If you are a dreamer, come in.
If you are a dreamer, a wisher, a liar,
a hoper, a prayer, a magic-bean-buyer,
If you're a pretender, come sit by my fire,
for we have some flax-golden tales to spin.
Come in! Come in!
- Shel Silverstein
What's Crackerlakin’ dudes?
Long time, no insanely boring update – I know, I know. I’ve just been busy... oh all right, replace busy with lazy.
I haven’t implemented my “taking a break from matchmaking” thing, you just seem to be dishing out problems faster than Jose can guzzle down her apple juice (which is bloody fast), still some of the issues people have been coming up with have been whoppers and I’ve had to deal with two break-ups in the last few days. Note: Having the love of your life break up with you and say, “we can still be friends” is like your dog dying and your mom saying, “You can still keep it.”
A.K.A do not use that lame break-up line, originality would be appreciated and not sitting there like and android staring staunchly ahead would help too. Oh and carry a packet of tissues with you. Hah, I should write a book on this: Break up with your significant partner now!
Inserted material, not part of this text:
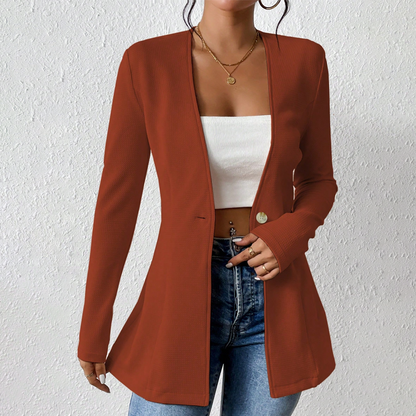 Women's One-Button Solid Color Blazer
Sunita’s guide to breaking-up includes ‘the seven steps to being single’ and ‘knowing when to make a run for it.’
Did you notice the ‘bloody’ is slipped in their earlier, just to highlight my Englishness? (Wow, that’s actually a word...), well I would like to take this opportunity to inform you that not everyone from England sticks the word ‘love’ at the end of each and every sentence, differing from what many of my new acquaintances believe.
Azeem brought up a very good point in one of our MSN conversations – why is it that Aliens and Monsters always seem to choose America to invade? I mean, according to the UN there are 196 countries in the world and out of them America always seems to save the day.
Meet me in outer space. So we can Star Trek the galaxies...
Is there such thing as Green Eggs and Ham? Forget Disney, its Dr. Seuss who’s given me unrealistic expectations but he’s awesome so I forgive him. I would be such a prejudice judge I swear – ‘nice haircut, you’re granted bail’ or ‘your nose is too flat, nine years in Prison buddy.’ Ah, the justice system. On whim, I’ve decided that I’d quite like to jump out of my seat in the middle of a mind-numbingly boring lecture, slam my fist on my desk, point dramatically at the teacher and declare, ‘no you’re out of order!’ before turning and legging it out of there in all due haste. I saw someone do that in a movie once I think; only he was in a courtroom and he didn’t run away like I would afterwards. It was epic.
You said you read me like a book, but the pages are all torn and frayed.
.I have come to the conclusion that 25% of the people in interact with suffer from autovoxiphillia.